Also feel free to critisize my code... I've mostly done OOP (C++/Java/C#) so I'm still getting the hang of the C programming style.

Cogman · May 19, 2010

[code]insert code here[/code]

You should keep your interrupts as short as possible, and if all possible avoid using common data inside them to avoid the very issue your describing.

The x86 architecture IIRC has a flag to make code uniterruptable. Perhaps the Nios II has a similar flag (I don't know, I've never dealt with a Nios II).

Other then that, you'll probably have to create a mutex/semiphore type system. Where this is single threaded, that should be as setting a write bit somewhere and clearing it when you are done. Nothing more fancy is really needed. (unless you expect this to someday work on a multi-core system.)

Cogman · May 19, 2010

Did you program the interrupt? If not, Your code looks fine. The interrupt shouldn't screw things up.

degibson · May 19, 2010

I recommend you look at whatever synchronization primitives come with your libraries that came with your Nios-II. If it doesn't come with locks, look up Nios-II's hardware support operation for synchronization (probably compare-and-swap or fetch-and-add, or both). You can make your own locks from that.
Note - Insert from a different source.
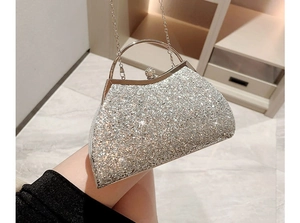 Close-up of sparkling silver evening shell clutch with glitter texture and ring handle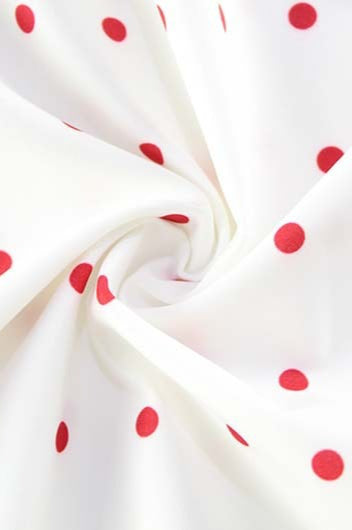 Robe courte à pois avec nœud décoratif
IF you're sure you will never have truly concurrent access, you can try to get away with setting and clearing bits to handle synchronization. It's almost certainly not worth your effort, however, if locks are available.

Code Criticism:

Code:

    if (buf->elements > buf->size) {
        buf->read_index++;
        buf->elements = buf->size;
    }

I suggest you change this to:

Code:

    if (buf->elements > buf->size) {
        buf->read_index = (buf->read_index+1) &#37; buf->size;
        buf->elements = buf->size;
    }

tatteredpotato · May 19, 2010

I've actually taken a closer look at the code, and all the references to the reading of the buffer occur within functions called by the interrupt handler for a timer, so I think it's a moot point for now. I do think many of the interrupt handlers are getting to be a little too bloated so it may be something I have to take a look at in the future if some of the code gets rearranged.

It's possible to disable interrupts on the Nios II processor, however I guess that would be the easy solution if there aren't many calls, however I don't think it should be a solution used too regularly.

tatteredpotato · May 19, 2010

degibson said:

Code Criticism:

Code:

    if (buf->elements > buf->size) {
        buf->read_index++;
        buf->elements = buf->size;
    }

I suggest you change this to:

Code:

    if (buf->elements > buf->size) {
        buf->read_index = (buf->read_index+1) % buf->size;
        buf->elements = buf->size;
    }

Good catch... Thanks.

PandaBear · May 26, 2010

I think there is a serious problem with the push and pop routine if there is no mutex / semaphore wrapper around it.

While you are having the read and write index done correctly (in circular way), using element count to determine whether there is an item in the circular buffer is going to get you out of sync eventually, because the element count is written / updated by both the push and pop (hence the main code and the interrupt).

What you need to do is to make comparison between the head and tail (aka your read and write index) every single time you add or remove element. The logic of the check for add should be if the wrap around occur, i.e. write index + 1 == read index for write, and read index == write index for read. Also make sure the condition that read index == write index should be empty, and write index + 1 == read index should be full.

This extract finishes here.